Sağlık alanında otorite olan kuruluşlar sağlığı, “insanın her açıdan esenlik içinde olması” olarak tanımlarlar. Bu esenlik kavramının içine bedensel, zihinsel, duygusal, sosyal açıdan tam ve sağlıklı olmasını; ayrıca doğru ve sağlıklı bir çevrede yaşamasını gerektiğinin altını çizerler.
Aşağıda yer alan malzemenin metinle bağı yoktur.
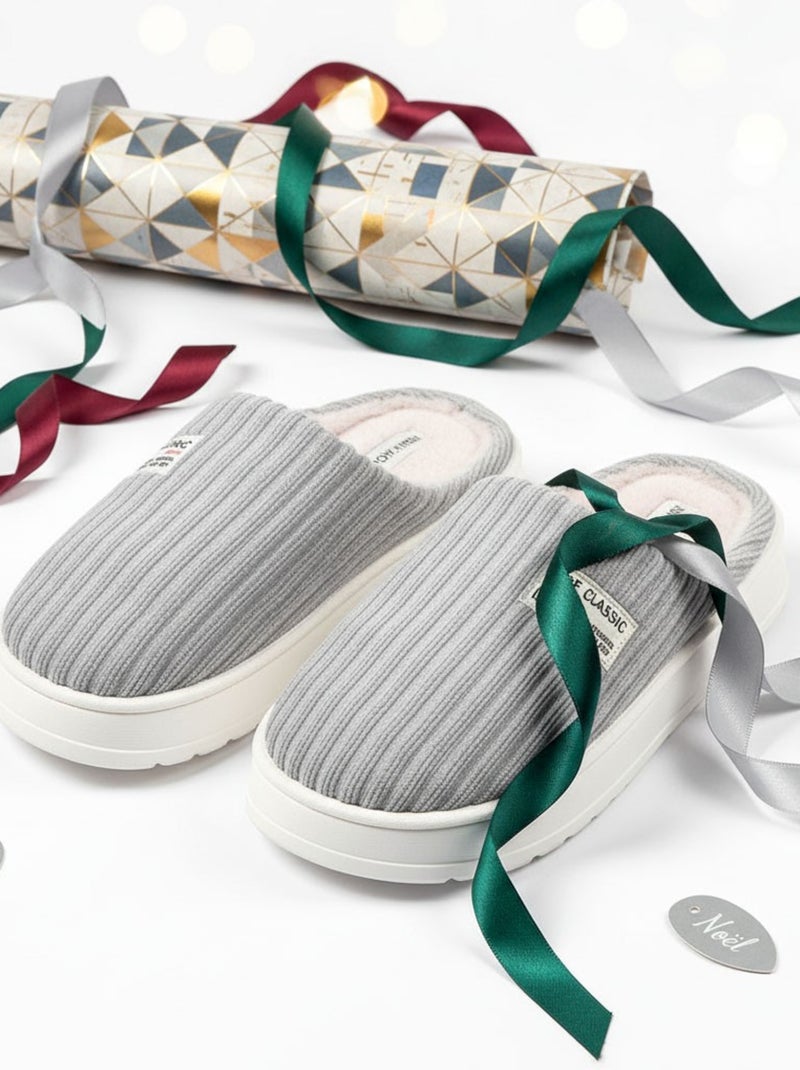 Pantofole uomo velluto a coste MU10122 Grigio - Kiabi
Evet, sağlık önemli ama günlük yaşamda insanoğlu o kadar olumsuz durumlarla karşılaşıyor ki bu gel git, kargaşa ve mücadele içinde öyle “sağlık olsun” kuru bir sözden öte gidemiyor çok zaman. Hele insan olumlu, yapıcı ve iyimser ve gerçekçi bir tutum içinde değilse; bir de üstelik yakınlarından, sevdiklerinden ve ilişiklerinden büyük darbeler almış, yokluklar ve kısıtlı bir güç ve bütçe ile yaşamaya çalışıyorsa “sağlık olsun” o kişi için bir hayal olmaktadır.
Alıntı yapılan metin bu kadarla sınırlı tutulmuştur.